Falafel (פלאפל) is the street-food sandwich most associated with Israel: deep-fried balls of ground chickpeas and herbs, packed into bread with salad, pickles, and tahini. The angle is the ball itself. Everything around it is supporting cast, so the sandwich hinges on the falafel being fried to order, crisp-shelled, and green inside from a heavy hand with parsley and cilantro. Get that right and the rest of the build is a frame; get it wrong and no amount of salad and sauce will save a dense, grey, oil-logged interior.
The build is short and the timing is everything. The mix is dried chickpeas, soaked but never cooked, ground with parsley, cilantro, onion, garlic, cumin, and coriander, seasoned hard and bound only by its own starch. It is shaped into balls or patties and dropped into hot oil so the outside seizes into a crackling shell while the inside steams to a moist, herb-flecked crumb. The bread is the carrier, most often pita, split or pocketed and lined with tahini so the sauce coats from the inside. Chopped Israeli salad, pickles, and sometimes fried eggplant or cabbage go in around the balls, and the tahini is run through the whole thing with s'chug or amba on top to taste. Done right, the first bite shatters at the shell and gives way to a hot, green, savory center, the salad sharp against it and the tahini binding without drowning. Done wrong, the balls are fried in cool oil so they soak fat and turn heavy, or they sit long enough to steam soft inside the wrapped bread, or the interior is pale and bland from too little herb and a short hand on salt.

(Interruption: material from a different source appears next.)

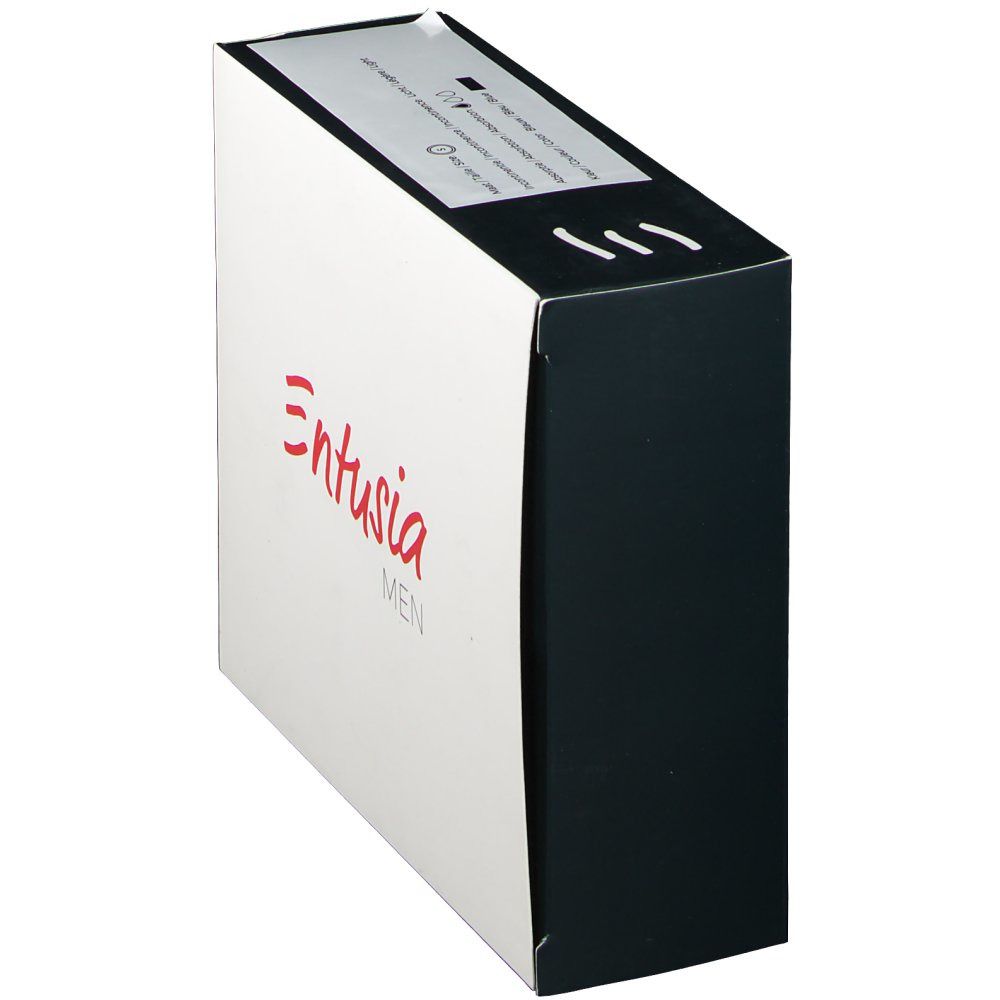 Emballage pour boxer homme. Blanc avec côté noir. Inscription rouge : Entusia MEN.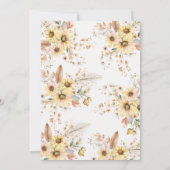 Invitation Elégante Tournesol Aquarelle Florale Fête des Mère (Dos)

It varies by bread, by what is fried into the mix, and by the sauces and extras packed around it. Pita is the reference format; laffa makes a bigger wrapped version, and the salad, pickle, and hot-sauce choices push each one sharper or hotter. The mix itself changes in named directions, beets or peppers for a red ball, sweet potato for a softer modern one, each its own recognizable order that deserves its own treatment. What stays constant under every version of falafel is the demand on the core: a freshly fried, crisp, herb-green ball good enough that bread, salad, and tahini complete it rather than disguise it.